Revolutionising sleep apnea management

Posted 12 Mar 2024
Could a cheap, commercially available, under-mattress sensor device revolutionise the way sleep apnea is diagnosed and managed?

Flinders University sleep researcher Associate Professor Ching Li Chai-Coetzer has been awarded a Finders Foundation Health Seed Grant to explore alternative diagnosis and monitoring of uncomplicated obstructive sleep apnea (OSA), opening the possibility of helping more people promptly, and freeing up sleep-laboratory waiting lists.

OSA is a highly prevalent sleep disorder affecting up to 20 per cent of Australians with repetitive upper airways obstruction, nighttime oxygen desaturations and sleep disruption.
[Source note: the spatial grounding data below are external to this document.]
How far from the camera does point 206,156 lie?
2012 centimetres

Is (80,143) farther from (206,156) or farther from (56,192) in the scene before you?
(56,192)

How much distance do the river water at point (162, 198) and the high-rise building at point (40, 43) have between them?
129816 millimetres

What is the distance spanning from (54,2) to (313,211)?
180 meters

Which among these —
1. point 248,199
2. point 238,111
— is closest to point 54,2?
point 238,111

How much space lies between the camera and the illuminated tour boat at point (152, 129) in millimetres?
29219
Untreated OSA is associated with adverse health effects, including daytime sleepiness, motor vehicle accidents, neurocognitive dysfunction, mood disorders and cardiovascular disease.

At present, care for patients with suspected OSA involves a referral from a GP to a sleep physician, followed by full sleep study testing through a sleep laboratory – a costly and labour-intensive process with often long wait times, particularly in public hospitals.

But using a contactless sensor mat placed under a patient’s mattress, combined with ‘smart’ blood pressure monitoring, weight scales and a mobile phone app, could be part of a more simple and cost-effective diagnosis and treatment strategy for some patients.

“This study has significant potential to create a paradigm shift and revolutionise the way that OSA is currently diagnosed and managed by providing GPs and nurses with the training and tools to diagnose and manage this highly prevalent sleep disorder through use of a simpler, more cost-effective sleep assessment system that is capable of both diagnosis and long-term monitoring of treatment progress,” Associate Professor Chai-Coetzer explains. 

Project Title: A Pilot Study to Evaluate the Utility of an Under‐Mattress Sensor and Smart Monitoring System for the Diagnosis and Management of Obstructive Sleep Apnea within Primary Care

This project is one of 31 exciting new health and medical research projects to receive funding in Flinders Foundation’s annual health seed grant thanks to donations from generous individuals and funds raised by supporters and organisation.